I’m in the process of developing a user mode block driver for Windows which works similarly to BeyondRAID (I wrote a paper on the tech long before BeyondRAID came around) and it combines RAID 0, RAID 5 and RAID 6 technologies to maximize reliability of hard drives at a block based level instead of making use of technologies like RAID-Z which requires a full file system implementation.
The goal of the technology is to make RAID a technology within the reach of consumers for home media servers and the such. I also wish to perform this function in software since then hard drive controllers can be mixed and matched as opposed to needing to purchase a high port count controller which has become prohibitively expensive over time.
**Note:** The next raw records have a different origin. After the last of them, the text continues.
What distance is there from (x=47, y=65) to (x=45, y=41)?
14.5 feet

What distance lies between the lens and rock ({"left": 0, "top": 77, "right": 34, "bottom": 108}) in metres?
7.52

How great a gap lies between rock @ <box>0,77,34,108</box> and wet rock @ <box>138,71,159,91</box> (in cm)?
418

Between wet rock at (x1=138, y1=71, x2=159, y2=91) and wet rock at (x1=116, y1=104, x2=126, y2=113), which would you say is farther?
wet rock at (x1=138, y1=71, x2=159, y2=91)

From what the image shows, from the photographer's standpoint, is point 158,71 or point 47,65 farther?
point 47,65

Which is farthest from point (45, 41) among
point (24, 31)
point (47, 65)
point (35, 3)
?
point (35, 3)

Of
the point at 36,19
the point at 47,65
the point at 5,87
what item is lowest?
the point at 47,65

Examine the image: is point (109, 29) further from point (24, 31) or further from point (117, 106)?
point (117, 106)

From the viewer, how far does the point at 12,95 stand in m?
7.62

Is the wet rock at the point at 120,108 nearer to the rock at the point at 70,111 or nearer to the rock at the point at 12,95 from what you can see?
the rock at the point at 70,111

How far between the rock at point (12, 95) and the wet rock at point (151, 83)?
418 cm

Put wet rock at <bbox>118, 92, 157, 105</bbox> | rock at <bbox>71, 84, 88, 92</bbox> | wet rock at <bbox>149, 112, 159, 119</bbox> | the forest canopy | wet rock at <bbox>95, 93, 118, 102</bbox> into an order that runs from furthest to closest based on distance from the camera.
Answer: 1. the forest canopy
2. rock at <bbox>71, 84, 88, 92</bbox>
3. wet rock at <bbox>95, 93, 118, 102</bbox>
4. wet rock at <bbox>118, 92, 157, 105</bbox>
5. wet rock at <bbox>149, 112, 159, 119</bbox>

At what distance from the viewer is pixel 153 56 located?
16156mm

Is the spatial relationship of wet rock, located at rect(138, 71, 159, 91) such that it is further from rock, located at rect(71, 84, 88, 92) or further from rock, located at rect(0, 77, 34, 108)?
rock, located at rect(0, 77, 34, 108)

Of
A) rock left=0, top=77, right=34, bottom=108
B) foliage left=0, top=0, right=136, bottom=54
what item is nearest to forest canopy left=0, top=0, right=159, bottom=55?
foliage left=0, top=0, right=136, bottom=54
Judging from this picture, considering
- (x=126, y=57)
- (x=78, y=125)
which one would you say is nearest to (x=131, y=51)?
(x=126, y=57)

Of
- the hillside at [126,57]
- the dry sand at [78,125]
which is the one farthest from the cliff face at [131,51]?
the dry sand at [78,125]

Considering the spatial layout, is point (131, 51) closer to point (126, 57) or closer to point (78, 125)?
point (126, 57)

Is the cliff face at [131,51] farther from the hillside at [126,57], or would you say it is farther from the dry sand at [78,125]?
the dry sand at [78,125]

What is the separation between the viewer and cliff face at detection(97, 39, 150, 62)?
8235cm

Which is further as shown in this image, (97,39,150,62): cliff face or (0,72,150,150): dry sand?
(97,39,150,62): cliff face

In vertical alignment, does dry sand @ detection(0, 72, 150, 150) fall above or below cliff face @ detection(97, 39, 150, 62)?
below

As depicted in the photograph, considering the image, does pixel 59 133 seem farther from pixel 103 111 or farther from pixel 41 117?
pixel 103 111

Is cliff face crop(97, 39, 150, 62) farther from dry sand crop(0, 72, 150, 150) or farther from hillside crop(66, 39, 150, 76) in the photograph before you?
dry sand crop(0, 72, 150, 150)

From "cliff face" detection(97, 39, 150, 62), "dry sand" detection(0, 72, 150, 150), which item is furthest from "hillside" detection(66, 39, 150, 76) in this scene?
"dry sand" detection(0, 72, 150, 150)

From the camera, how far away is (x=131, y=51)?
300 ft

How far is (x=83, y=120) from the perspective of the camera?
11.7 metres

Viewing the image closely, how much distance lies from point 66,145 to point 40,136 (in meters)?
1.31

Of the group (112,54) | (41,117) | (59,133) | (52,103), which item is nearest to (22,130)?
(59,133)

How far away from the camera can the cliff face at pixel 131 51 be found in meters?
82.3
For a home media server to be useful these days, it needs to run on extremely inexpensive hardware. An ION based NVidia motherboard would be an ideal system for a home RAID. The problem is, to achieve even reasonable performance, either an ASIC or a GPU based solution would be needed. Implementing this using an ASIC is easy enough and by selling a board through a chinese vendor like deal extreme would be easy enough. But in reality, it’s a far less than perfect solution.
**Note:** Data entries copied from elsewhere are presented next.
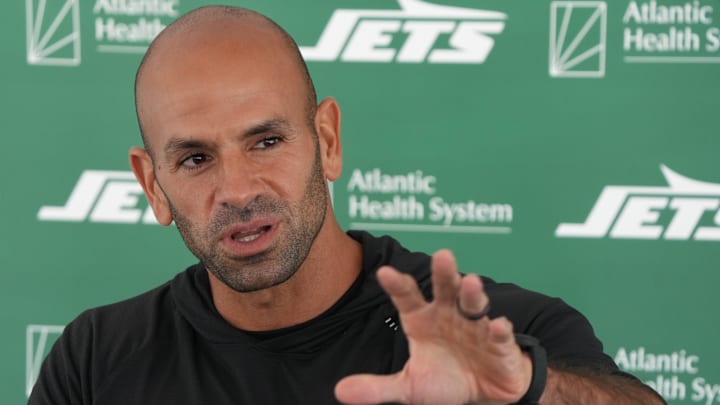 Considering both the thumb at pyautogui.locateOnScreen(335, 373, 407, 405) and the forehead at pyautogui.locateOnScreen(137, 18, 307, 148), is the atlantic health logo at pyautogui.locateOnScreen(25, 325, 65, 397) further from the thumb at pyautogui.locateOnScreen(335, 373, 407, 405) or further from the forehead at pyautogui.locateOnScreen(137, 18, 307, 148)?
the thumb at pyautogui.locateOnScreen(335, 373, 407, 405)

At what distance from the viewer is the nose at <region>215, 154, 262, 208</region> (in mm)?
1474

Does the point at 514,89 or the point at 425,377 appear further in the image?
the point at 514,89

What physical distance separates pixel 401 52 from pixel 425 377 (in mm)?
1553

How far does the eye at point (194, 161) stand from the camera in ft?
5.08

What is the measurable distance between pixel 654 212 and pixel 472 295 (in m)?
1.58

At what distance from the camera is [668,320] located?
8.30 feet

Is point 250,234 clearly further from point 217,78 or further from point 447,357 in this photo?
point 447,357

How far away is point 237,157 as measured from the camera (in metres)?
1.50

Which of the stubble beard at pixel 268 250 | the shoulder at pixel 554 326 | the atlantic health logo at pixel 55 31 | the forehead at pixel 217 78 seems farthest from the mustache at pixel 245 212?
the atlantic health logo at pixel 55 31

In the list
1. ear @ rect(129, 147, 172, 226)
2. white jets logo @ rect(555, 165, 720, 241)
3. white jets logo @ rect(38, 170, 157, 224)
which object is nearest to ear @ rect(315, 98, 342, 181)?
ear @ rect(129, 147, 172, 226)

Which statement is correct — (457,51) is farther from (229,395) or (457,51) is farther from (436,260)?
(436,260)

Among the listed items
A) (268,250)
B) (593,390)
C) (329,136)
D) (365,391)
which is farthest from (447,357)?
(329,136)

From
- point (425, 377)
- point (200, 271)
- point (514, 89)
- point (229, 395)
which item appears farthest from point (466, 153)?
point (425, 377)

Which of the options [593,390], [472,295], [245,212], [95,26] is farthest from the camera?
[95,26] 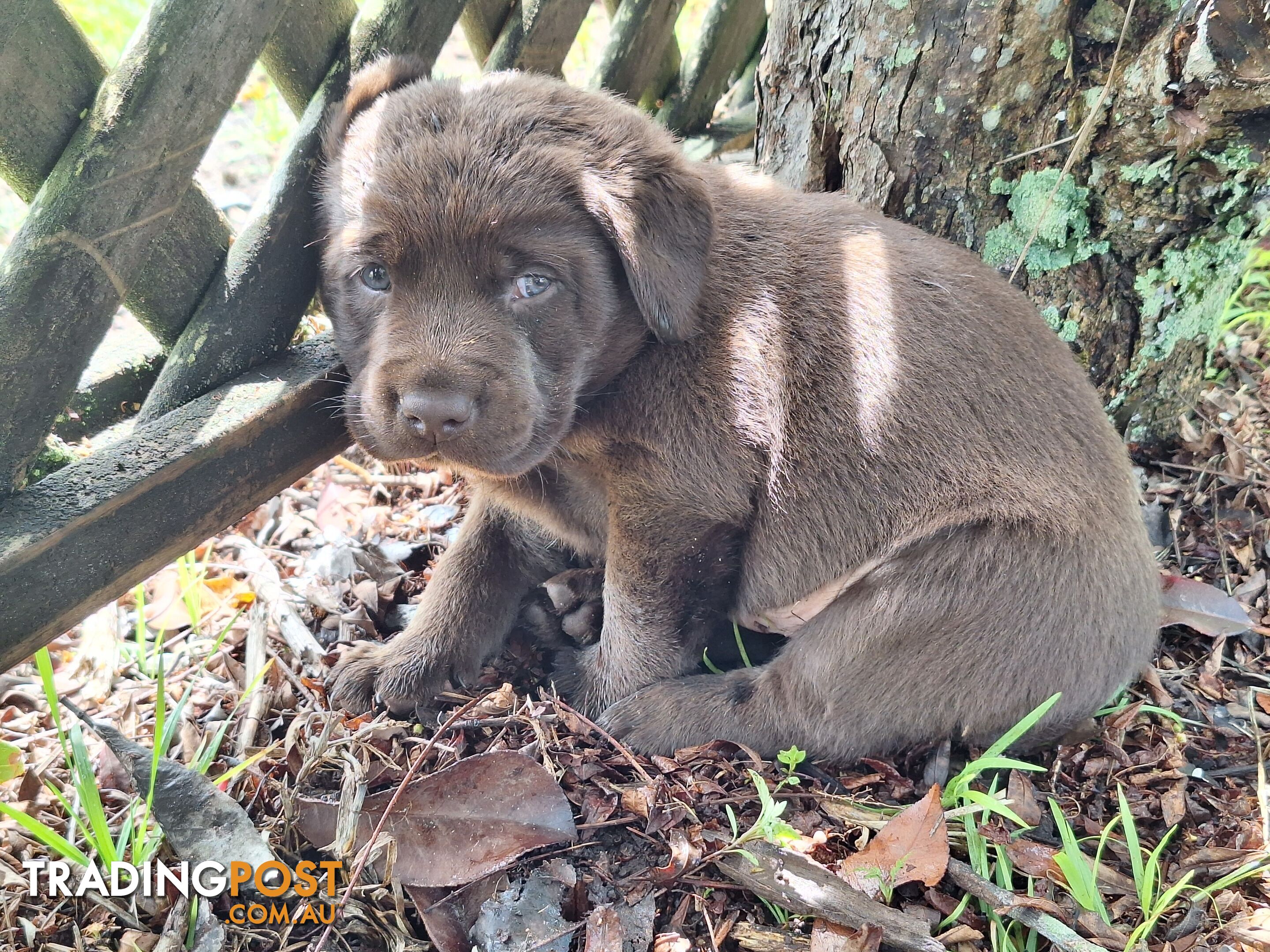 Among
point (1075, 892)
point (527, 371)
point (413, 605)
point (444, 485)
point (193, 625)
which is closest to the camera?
point (1075, 892)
Therefore, GPU is the way to go if it’s practical. I’ve done very limited GPU computing programming. Thus far, it has been limited to OpenGL based fragment shaders and the such, and that of course has been floating point based.
- Would it be practical and more importantly beneficial to code (in CUDA for example), an engine for offloading XOR block operations from the CPU effectively making the GPU a RAID coprocessor?
The CPU would handle all the block based processing, things like “what do I store where”, create a job, asynchronously pull the needed blocks from the hard drives needed to perform the XOR, then push the data to the graphics card several blocks at a time. Then when the job is done, the GPU would signal the CPU of the job completion and asynchronously write the data to the drive.
The performance of this would depend highly on whether the GPU is suitable for running large loops of integer operations on system memory. In the case of the ION based Atom boards, I imagine that the system memory and graphics memory is the same memory. Also, because the graphics memory needs to be accessed in a clock sensitive manor, the GPU is able to read it quite smoothly “DMA style”.
-
Can I pass a pointer to system memory to the GPU and operate directly on that?
-
Are there “CPU/GPU” tools for synchronization? Can I signal the CPU when a job is finished?
Thanks in advance,
- Darren